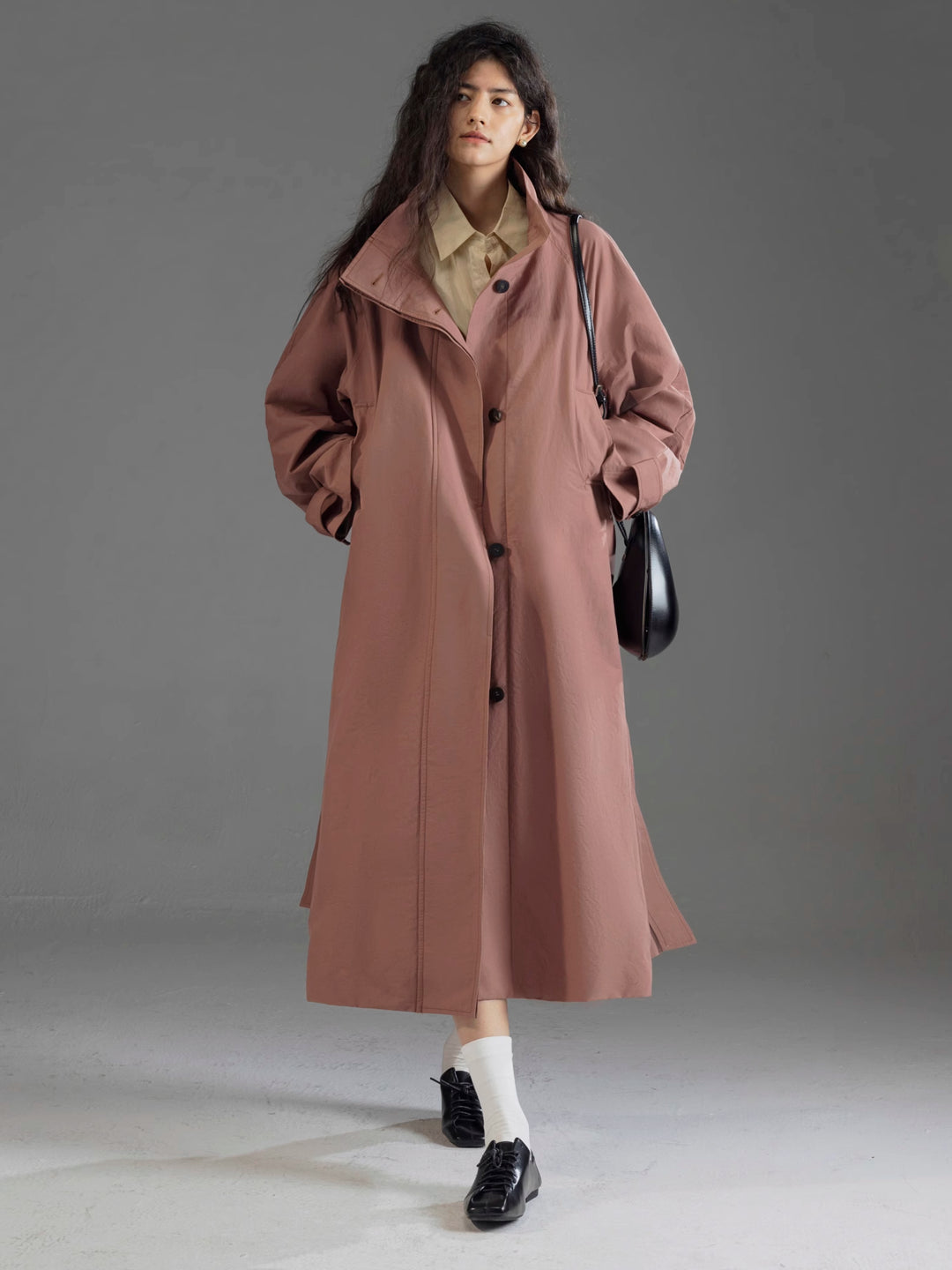 Longline Trench Coat with Stand Collar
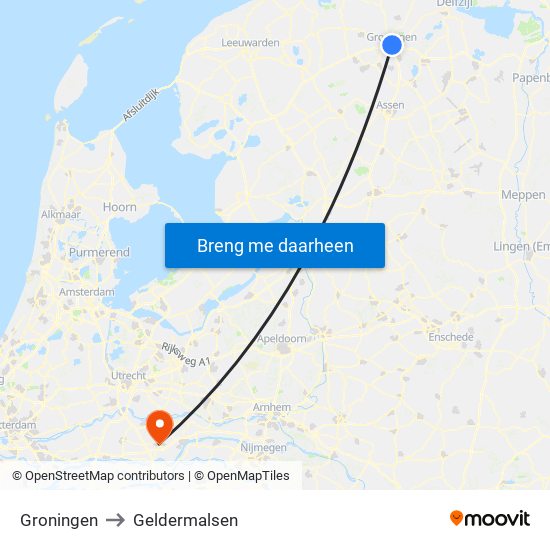 Groningen to Geldermalsen map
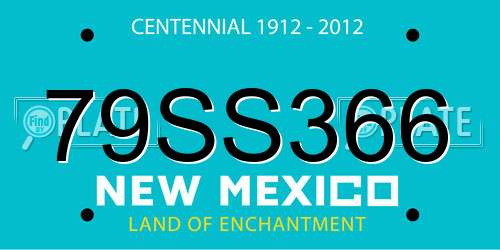79SS366 New Mexico License Plate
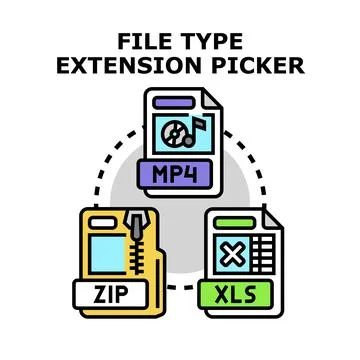 File type extension picker choosing digital format イラスト素材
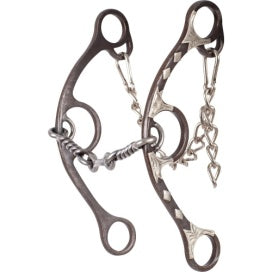 Sherry Cervi Long Shank Gag Barrel Bit with Twisted Wire Dogbone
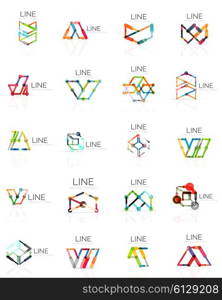 Set of linear abstract logos, connected multicolored segments of lines in geometrical figures. Vector wire business icon collection isolated on white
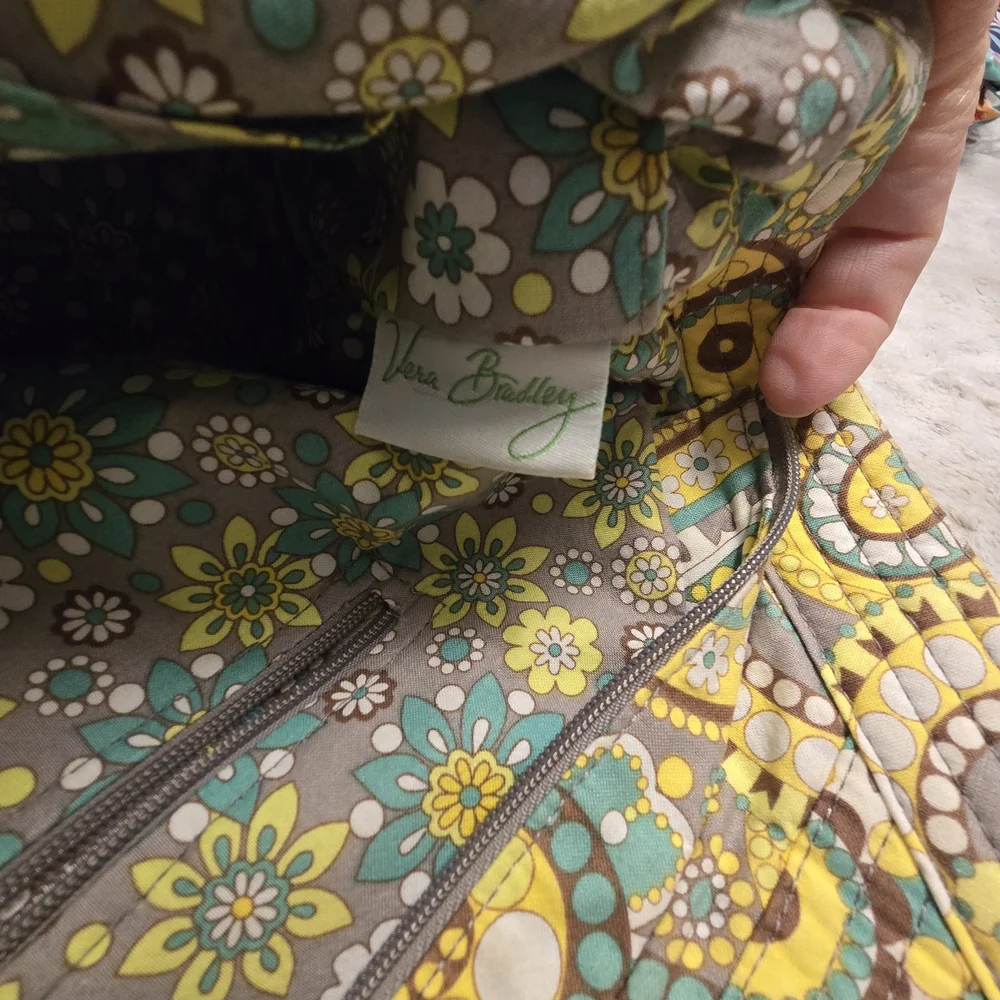 Vera Bradley Paisley‎ Tote Bag - Yellow Gray Green Floral Zip Closure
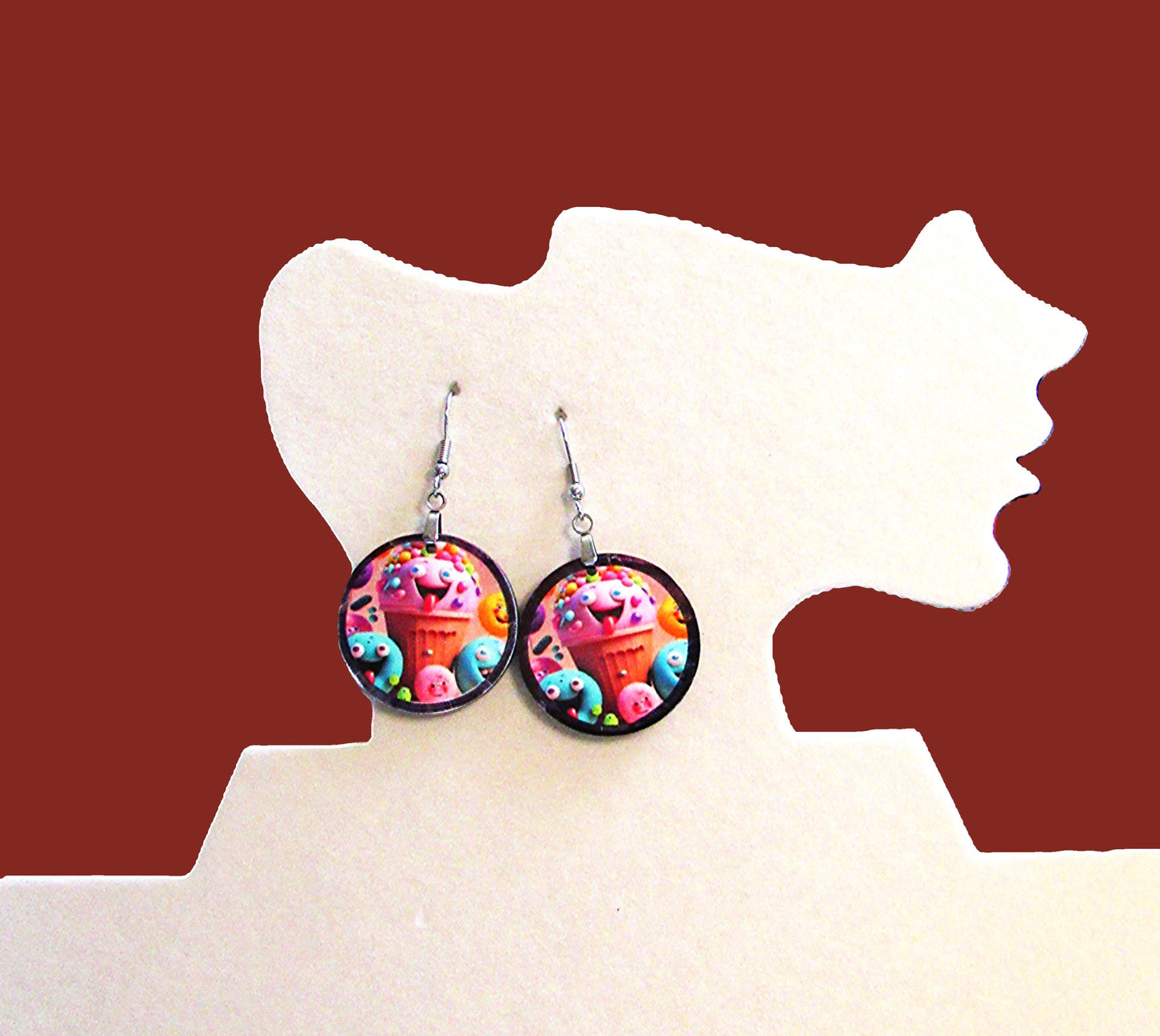 Round Shaped Sublimated 1 inch Earring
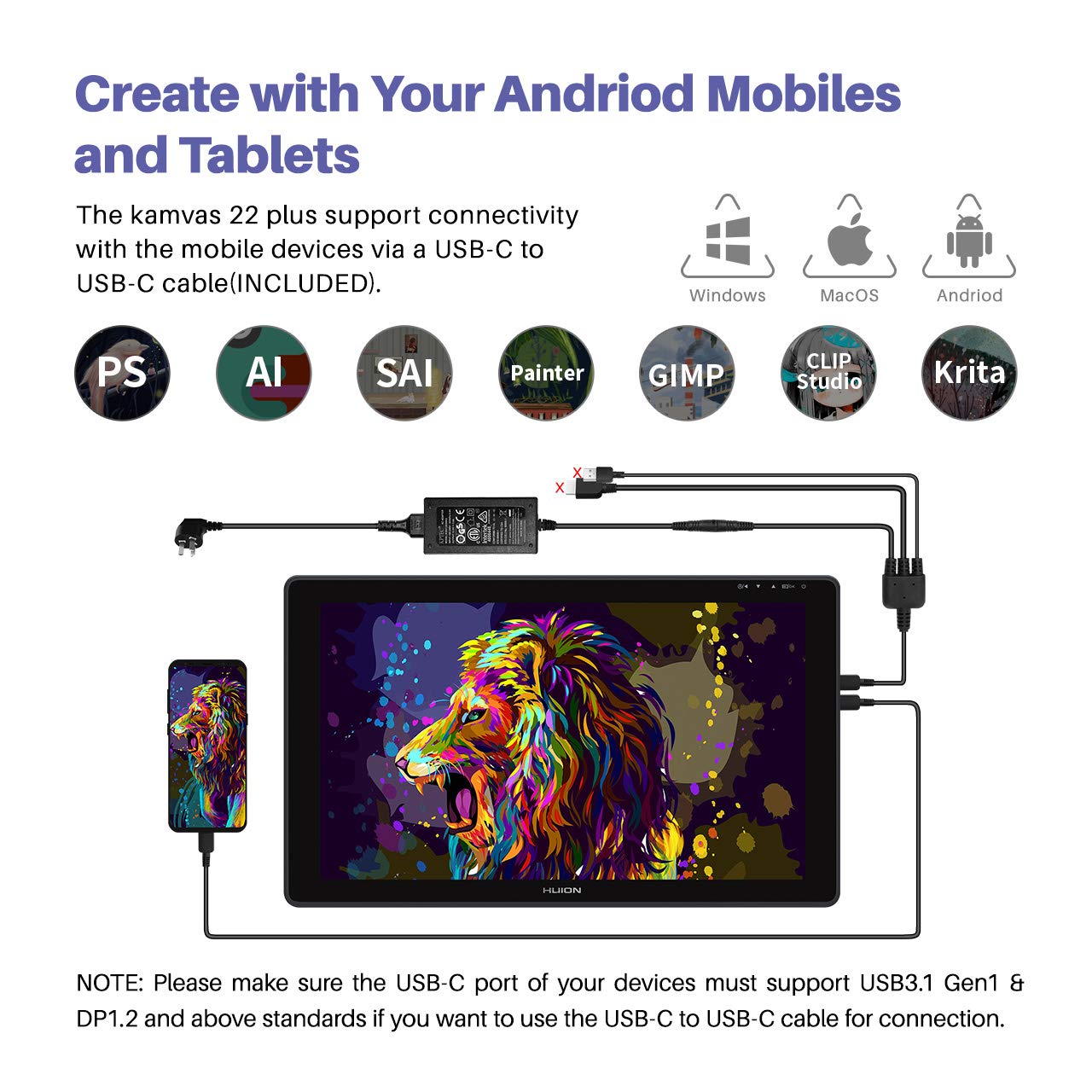Foto 4 | Huion Kamvas 24 Plus 2.5k Qhd Tablet Gráfica Con Lápiz Sin Batería, Pantalla Laminada Qd, 140% Srgb, Para Pc Y Mac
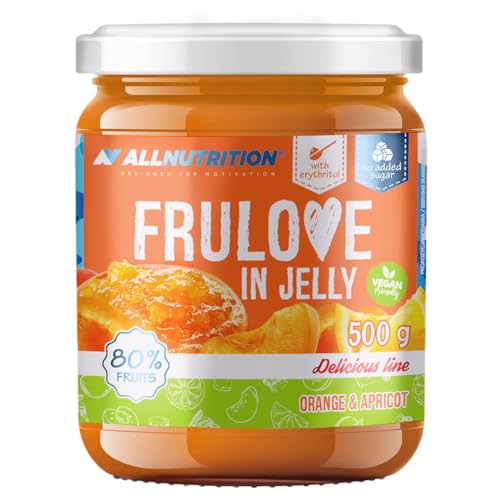 ALLNUTRITION Frulove In Jelly Apricot & Orange - Zuckerfreie Marmelade - Marmelade ohne Zucker - 80% Jelly Fruit Kalorienarme Süßigkeiten - Fruchtaufstrich ohne Zucker - Brotaufstrich Vegan - 500g von ALLNUTRITION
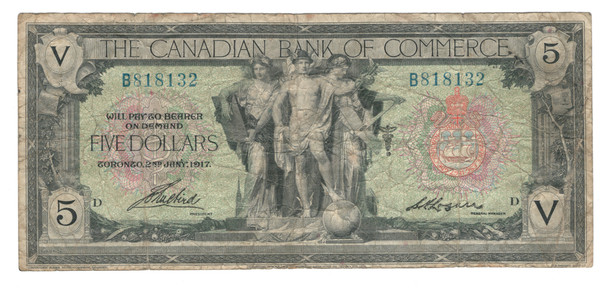 Canada: 1917 $5 The Canadian Bank of Commerce  Banknote F12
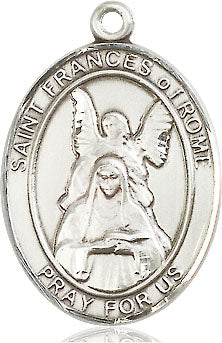 Extel Large Oval Pewter St. Frances of Rome Medal, Made in USA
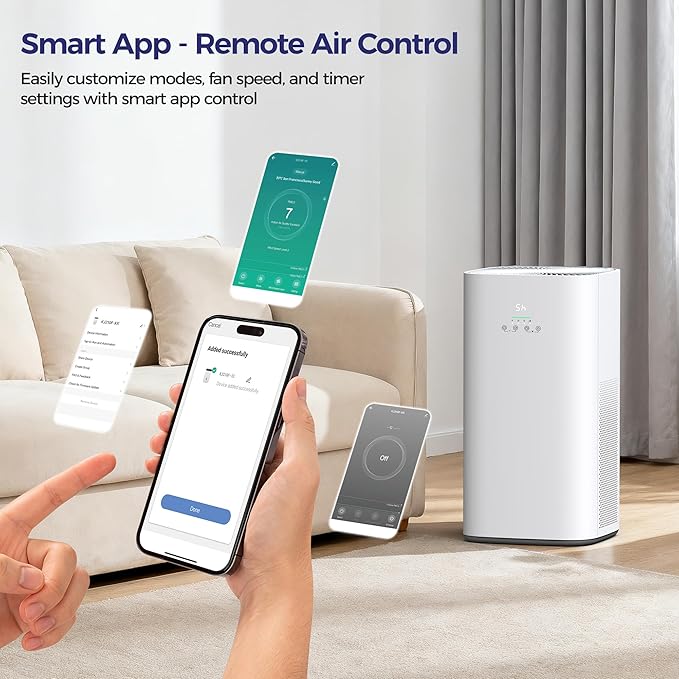 VUSIGN Air Purifier for Home Large Room & Pets, Covers Up to 1800 ft² with CADR 242 CFM, H13 HEPA Filter, Air Quality Display, Smart App Control, Quiet Sleep Mode, Remove Dust, Smoke & Odor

— WHAT THIS TASK INVOLVES —
Please write out, word for word, only the lines from the one holding "Extel Large Oval" through the end of the records above, with both end lines included and the pictures dropped.

— YOUR RESPONSE —
 Extel Large Oval Pewter St. Frances of Rome Medal, Made in USA
 VUSIGN Air Purifier for Home Large Room & Pets, Covers Up to 1800 ft² with CADR 242 CFM, H13 HEPA Filter, Air Quality Display, Smart App Control, Quiet Sleep Mode, Remove Dust, Smoke & Odor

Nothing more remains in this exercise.